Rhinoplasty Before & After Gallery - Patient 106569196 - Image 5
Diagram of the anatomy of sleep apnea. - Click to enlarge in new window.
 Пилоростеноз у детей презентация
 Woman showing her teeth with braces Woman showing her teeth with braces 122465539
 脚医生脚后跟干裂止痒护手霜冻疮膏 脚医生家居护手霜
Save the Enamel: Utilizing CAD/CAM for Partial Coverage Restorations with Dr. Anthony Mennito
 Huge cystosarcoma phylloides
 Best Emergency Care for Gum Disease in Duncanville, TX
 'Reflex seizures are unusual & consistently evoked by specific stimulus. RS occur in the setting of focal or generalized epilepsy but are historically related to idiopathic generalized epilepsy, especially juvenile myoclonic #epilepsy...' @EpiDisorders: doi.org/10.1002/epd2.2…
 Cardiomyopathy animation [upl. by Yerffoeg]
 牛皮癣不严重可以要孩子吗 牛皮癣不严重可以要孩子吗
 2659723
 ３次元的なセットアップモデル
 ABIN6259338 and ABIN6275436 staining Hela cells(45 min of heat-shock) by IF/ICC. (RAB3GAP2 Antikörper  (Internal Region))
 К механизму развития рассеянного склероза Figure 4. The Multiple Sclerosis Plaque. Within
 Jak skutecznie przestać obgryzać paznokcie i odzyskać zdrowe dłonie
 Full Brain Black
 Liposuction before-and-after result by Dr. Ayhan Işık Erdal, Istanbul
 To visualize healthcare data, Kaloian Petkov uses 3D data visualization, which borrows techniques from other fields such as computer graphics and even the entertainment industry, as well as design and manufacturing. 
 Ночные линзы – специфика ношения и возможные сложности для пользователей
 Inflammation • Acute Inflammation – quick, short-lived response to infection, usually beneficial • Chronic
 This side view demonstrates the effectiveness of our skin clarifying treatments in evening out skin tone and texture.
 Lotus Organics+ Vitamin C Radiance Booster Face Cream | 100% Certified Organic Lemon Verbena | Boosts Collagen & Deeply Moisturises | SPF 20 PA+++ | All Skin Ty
________________________
■ Task details
Word for word, repeat the line holding "Ночные линзы –" and all lines after it through the end of the entries above.

■ Response to the task
 Ночные линзы – специфика ношения и возможные сложности для пользователей
 Inflammation • Acute Inflammation – quick, short-lived response to infection, usually beneficial • Chronic
 This side view demonstrates the effectiveness of our skin clarifying treatments in evening out skin tone and texture.
 Lotus Organics+ Vitamin C Radiance Booster Face Cream | 100% Certified Organic Lemon Verbena | Boosts Collagen & Deeply Moisturises | SPF 20 PA+++ | All Skin Ty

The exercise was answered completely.